No pensamento do autor é clara a integração do homem no mundo (NA: A palavra mundo tem, neste capítulo, o sentido da criação visível correspondente ao uso do termo kosmos em S. Gregório). Enraizado no concreto, definido ontologicamente também pela sua realidade material, não surge desligado do sensível ou nele irrompendo por uma queda ou uma degradação, mas antes como resultado do aperfeiçoamento da matéria, destinado a dominar o mundo e a unificá-lo, ocupando pela sua razão, e, sobretudo, pela sua liberdade, uma posição única, porque confiante com a natureza do Criador.

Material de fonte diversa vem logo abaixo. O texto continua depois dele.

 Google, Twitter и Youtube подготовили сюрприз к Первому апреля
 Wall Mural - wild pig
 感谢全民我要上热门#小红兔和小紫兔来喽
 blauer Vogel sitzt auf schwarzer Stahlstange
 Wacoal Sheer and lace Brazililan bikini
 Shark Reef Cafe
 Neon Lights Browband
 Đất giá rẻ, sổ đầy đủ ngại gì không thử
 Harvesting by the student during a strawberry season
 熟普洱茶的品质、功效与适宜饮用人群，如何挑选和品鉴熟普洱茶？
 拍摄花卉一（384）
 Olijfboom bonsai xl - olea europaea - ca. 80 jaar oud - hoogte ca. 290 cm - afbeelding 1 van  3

Assim, em S. Gregório de Nissa, a sensibilidade à beleza, à harmonia cósmica, e a acentuação do valor do sensível assumem uma relevância particular, a refletir a sua mentalidade grega. O estudo do mundo é o objetivo fundamental de In Hexaëmeron e reaparece com muita frequência na obra do Bispo de Nissa, sempre em relação íntima com a problemática espiritual. Este fato confere um cunho muito próprio ao seu pensamento, impregnando-o de realismo e de objetividade. Desta forma, o ideal que propõe não é mera abstração teórica, mas fundamenta-se num estudo profundo da situação real do homem, a começar pelas suas raízes cósmicas.

Numa visão, aliás grandiosa, o homem é considerado no conjunto da obra criada: ele seria incompreensível sem o mundo, mas o mundo sem o homem estaria incompleto, pela ausência duma presença espiritual.

A antropologia gregoriana aborda destarte uma das grandes problemáticas filosóficas de sempre — as relações homem-mundo —, evidenciando a ambiguidade e a polivalência de alguns binômios que nela estão implícitos: microcosmo-macrocosmo, espírito-matéria, vida-morte, inefabilidade-racionalidade, dinamismo-imobilidade. Por outro lado, a dicotomia homem-mundo é referenciada sempre, na sua contingência recíproca, ao ontos on — terceiro termo que fundamenta e explicita a insuficiência ontológica dos outros dois.

A articulação estrutural do homem e do mundo faz-se através do corpo, no qual se encontram os mesmos elementos fundamentais, sendo por isso verdadeiramente um microcosmo1. Mas o homem não é redutível ao sensível. A sua possibilidade de julgar2 e de agir livremente implica um distanciamento da totalidade englobante que o integra e que não pode, por si só, explicá-lo, pois é ultrapassada por ele. Por isso, Gregório, embora aceite, em certo sentido, a noção de microcosmo, não deixa de a criticar também3.

A relação homem-mundo é, para o nosso autor, um ponto de partida. Seria, por esse motivo, impossível abordar a sua antropologia sem nos debruçarmos sobre a sua noção de mundo, integrando-a numa temática mais vasta: a dicotomia uno-múltiplo, a que corresponde o tema bíblico da criação.

NOTAS:


  1. LAVELLE, Du Temps et de l’Éternité (Paris, 1945), 17, tal como S. Gregório, exigirá para a relação homem-mundo um horizonte absoluto: «Il n’y a plus aucune difficulté à dire que, comme mon corps fait partie du monde, l’opération qui fait être n’est elle-même qu’une participation à cette opération créatrice qui est l’origine commune d’elle-même et de tout ce qui peut être». 

  2. Escreve ALQUIÉ, «Conscience et Nature», in Existence et Nature (Paris, 1962), 37: «Ce qui signifie, révèle et prouve que la Nature n’est pas tout, c’est qu’il y a un être qui peut la mettre en question, la connaître, la deferir, la juger». 

  3. A noção de homem como microcosmo aparece-nos, por exemplo em Cf. Psalm., GNO, V, 30, 25-26; PG, XLIV, 440 C, enquanto em De hominis opificio S. Gregório atribui aos filósofos esse conceito, opondo-lhes a ideia cristã do homem como imagem do Criador e não apenas do universo. Cf. Op., PG, XLIV, 77 D-180 A.